A while ago I downloaded an album, added it to iTunes with a bunch of other albums and carried on. Later, said album showed up as Unknown Album, Unknown Artist, Unknown Tracks. I have no clue who it is.
Take a listen and help a brother out.

01 Track 1


Thursday, September 6, 2012

Sons of Tonatiuh - Parade of Sorrow

Upon a short but trusted recommendation from Gruesome Greg (ie a tweet) I decided to give Atlanta's Sons of Tonatiuh a listen. Their second album, Parade of Sorrow blew the doors right off my barn. Following the sludgy intro, “White Wall” erupts with bassist/vocalist Mike Tunno screaming the song title with all the pain of a chainsaw victim. His wail is only one aspect of SoT's multifaceted approach. I envision Sons one day finding a home with Hydra Head Records. Not only would they fit on that label stylistically but Parade of Sorrow has as many voices as the mythological Hydra itself. In addition to the aforementioned sludge (very little surprise coming from Georgians. Not to stereotype.) SoT bring doom and punk rock in to the fold. One moment plodding along crushing anything in their path with Godzilla-like weight, the next pounding out that unmistakeable punk beat while telling tales of social injustice both new and old. It may sound like this mix of styles may detract from the albums cohesiveness, especially given how quickly they can shift between them but that is far from the case. Across the entire album, the tone, the feel of the output remains intact. It's only natural that the many heads of the Hydra are fed with blood from the same heart. I keep making reference to myths of old but Sons of Tonatiuh are far more current than that. Along with guitarist/vocalist Dan Caycedo and drummer Tim Genius, SoT bring a social consciousness to a genre I've not recognized much in. Sludge and doom tend to be more personal or existential.
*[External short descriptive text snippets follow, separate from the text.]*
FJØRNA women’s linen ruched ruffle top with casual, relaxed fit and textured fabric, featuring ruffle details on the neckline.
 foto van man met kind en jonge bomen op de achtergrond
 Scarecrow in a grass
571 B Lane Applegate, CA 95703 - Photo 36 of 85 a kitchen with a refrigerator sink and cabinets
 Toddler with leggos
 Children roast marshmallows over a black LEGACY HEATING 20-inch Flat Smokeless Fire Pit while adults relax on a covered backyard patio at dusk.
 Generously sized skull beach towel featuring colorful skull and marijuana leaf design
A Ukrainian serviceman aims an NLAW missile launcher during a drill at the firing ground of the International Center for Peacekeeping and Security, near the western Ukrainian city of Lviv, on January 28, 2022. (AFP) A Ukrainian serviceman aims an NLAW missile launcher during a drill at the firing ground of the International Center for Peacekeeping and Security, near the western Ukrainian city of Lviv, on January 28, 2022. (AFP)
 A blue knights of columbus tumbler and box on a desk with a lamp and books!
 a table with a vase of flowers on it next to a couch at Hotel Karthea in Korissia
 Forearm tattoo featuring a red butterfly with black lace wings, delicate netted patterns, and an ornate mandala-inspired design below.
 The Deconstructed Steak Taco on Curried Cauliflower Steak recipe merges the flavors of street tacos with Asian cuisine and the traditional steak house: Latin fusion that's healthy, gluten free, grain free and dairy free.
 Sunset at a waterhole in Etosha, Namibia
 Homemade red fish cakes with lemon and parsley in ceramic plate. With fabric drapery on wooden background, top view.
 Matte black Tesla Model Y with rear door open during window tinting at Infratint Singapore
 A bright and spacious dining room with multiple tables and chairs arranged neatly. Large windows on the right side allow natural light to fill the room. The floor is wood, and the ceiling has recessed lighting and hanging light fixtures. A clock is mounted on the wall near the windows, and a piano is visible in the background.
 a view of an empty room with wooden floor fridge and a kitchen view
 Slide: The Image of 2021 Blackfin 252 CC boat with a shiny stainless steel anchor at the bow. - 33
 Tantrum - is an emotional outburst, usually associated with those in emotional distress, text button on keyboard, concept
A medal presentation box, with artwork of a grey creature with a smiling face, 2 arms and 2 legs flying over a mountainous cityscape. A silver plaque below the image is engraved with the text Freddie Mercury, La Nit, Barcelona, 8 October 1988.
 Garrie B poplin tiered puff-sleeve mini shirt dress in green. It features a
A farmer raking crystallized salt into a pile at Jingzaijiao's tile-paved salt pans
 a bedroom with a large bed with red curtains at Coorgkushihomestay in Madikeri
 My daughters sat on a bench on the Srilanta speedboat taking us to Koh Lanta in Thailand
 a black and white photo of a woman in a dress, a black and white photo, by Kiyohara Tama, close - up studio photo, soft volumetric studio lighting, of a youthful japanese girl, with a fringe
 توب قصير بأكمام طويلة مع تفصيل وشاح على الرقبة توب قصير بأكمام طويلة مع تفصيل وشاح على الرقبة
Blending the punk element in both a lyrical and stylistic way makes it different. However, they do so without it sounding like an overt protest song. There is so much aggression behind it that you really need to read the lyrics. And THINK. Of course, you may be too busy tearing down the walls of whatever establishment you find yourself in, but when you're done, know that Sons of Tonatiuh are more than just crushing doom, syrupy sludge and righteous punk.

For the record, it's pronounced “Tahn-ah-tea-ah”.